Karaoke into a bottle of boones. dear summer in alabama, glad to see you again.
He googled "how long will i be drunk" and just started crying
i think i am going to devote my summer to making my cats internet celebrities
His idea of a compliment is: 'you're cuter than your friend. If you both wanted a 3way I'd do it,but I'd pay more attention to you.'
Just croosed over that too drunk for chemistry class line
3 a.m. laundry plus 100 proof peppermint schnapps does not turn out well. Not only is there a puddle of detergent outside the laundry room that I spilled, but my clothes were found in the dryer wit a box of Franzia and a 40. Good thing I was too drunk to turn it on.
you came out with your cock in between the legs of a balloon animal. Maybe she'll think you have a sense of humor.
What kind of balloon animal was it?
Omg.....I raised my camera to take a pic at this presentation, and I wanted to zoom in, so I swiped my phone to the left and up pops my dick pic from last night.
I can't bring myself to turn around to see if pple saw it.
he told me he could still feel the blowjob i gave him last year
wow. THAT good huh
All I know is that every time I looked at my glass it was full again and I thought it would be rude not to drink it
I just woke up on the living room floor at my parents house. The last thing I remember was making a scene at Buffalo Wild Wings because our waitress "Sent the game into overtime" with a 0-0 score
Apparently mid making out I got up and said "I need to figure out my life" went in the bathroom and threw up for two hours.

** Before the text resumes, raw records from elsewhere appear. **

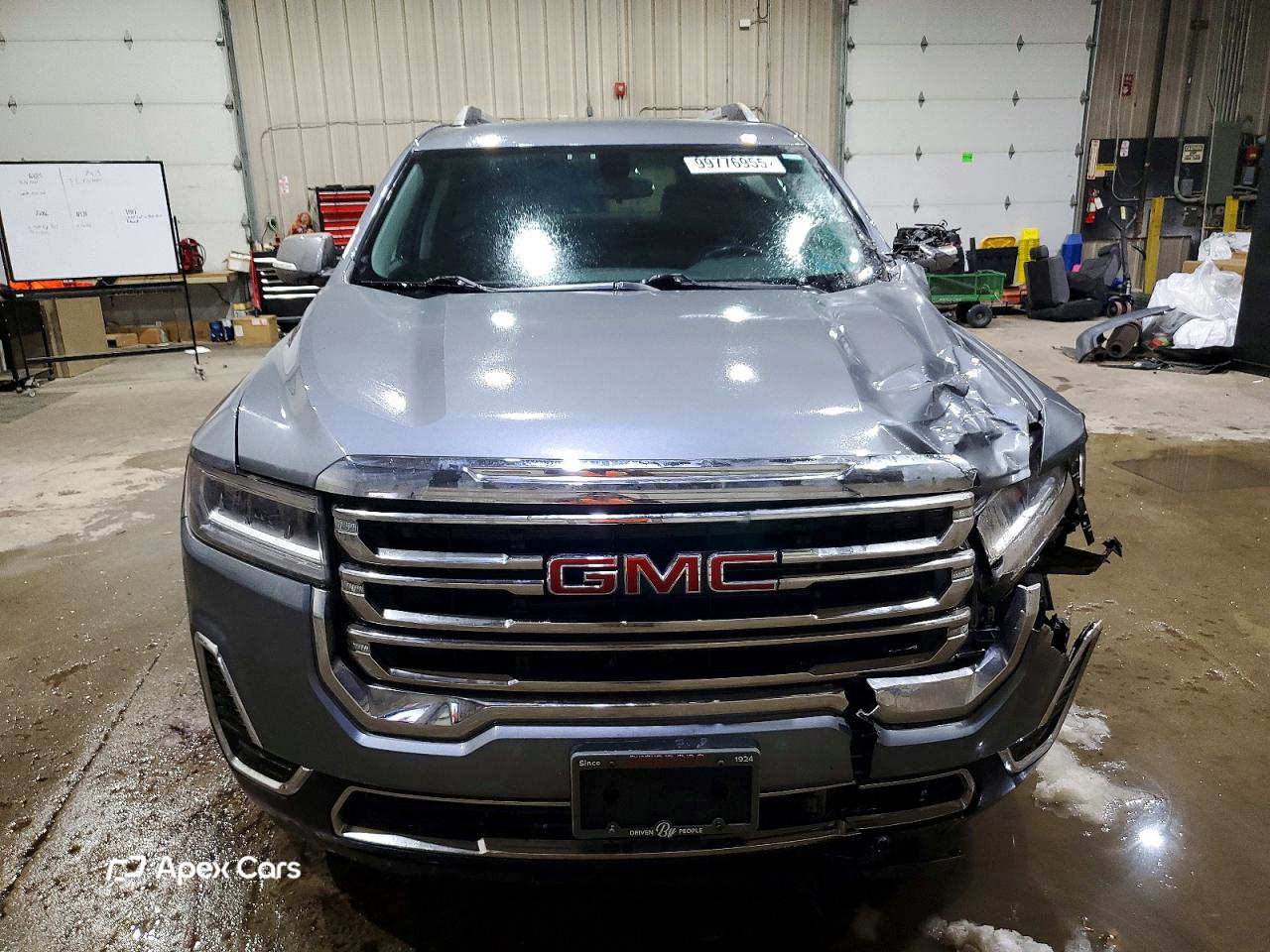 GMC Acadia 2020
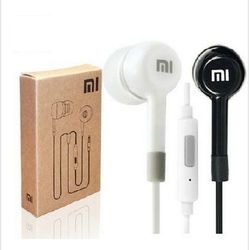 High Quality For XIAOMI Earphone Sports Music in-Ear Headsets With MIC for XiaoMI Mi M2 M1 1S MP3 MP4 Redmi Note 4 3 2 1 A1 5 2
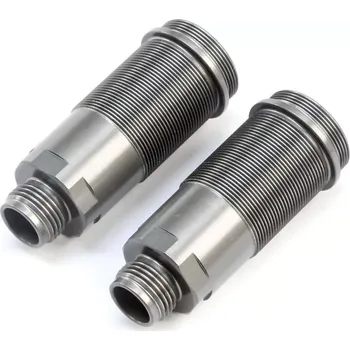 Team Losi Racing TLR tělo tlumiče přední (2): 8X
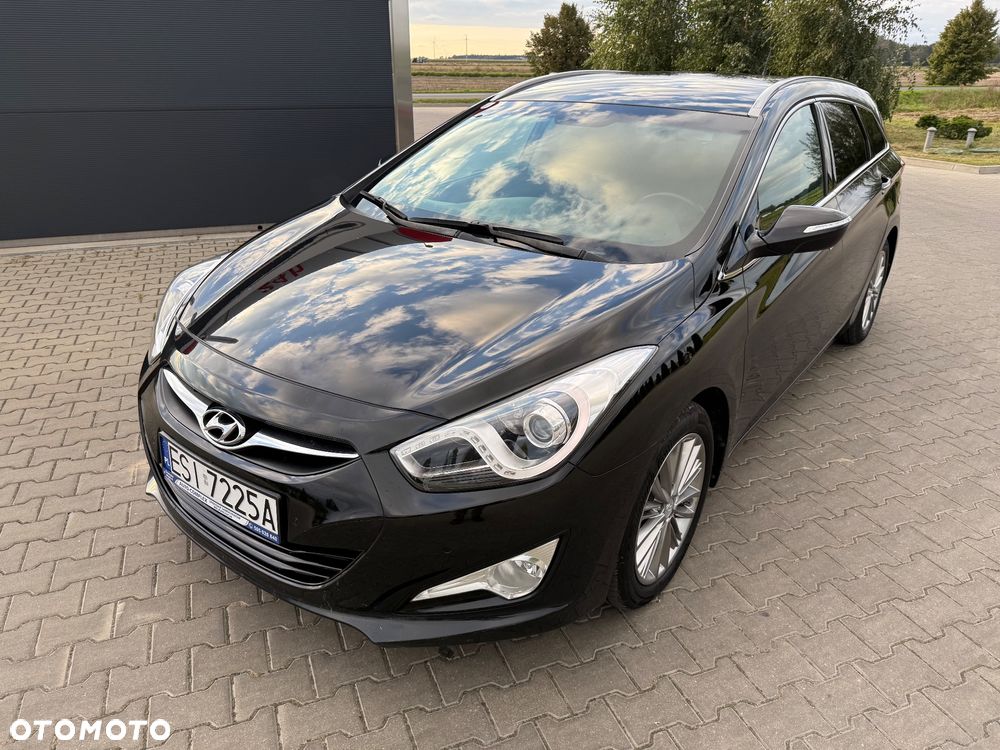 Hyundai i40 Kombi 1.7 CRDi Style - 3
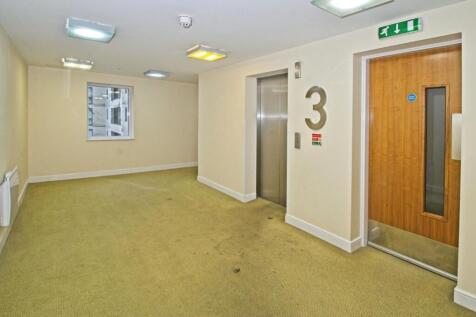 Lift Hallway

Another guy on Tinder just asked about "the hotter girl" in my pictures. I fucking hate being your friend.
My uncle showed up to pick us up at the bar just as I bought a drink so I put it in my pocket #drunksmart
i need to get crying drunk at the bar more often. i end up going home with guys who have big penises. its like God is saying "there, there, this will cheer you up".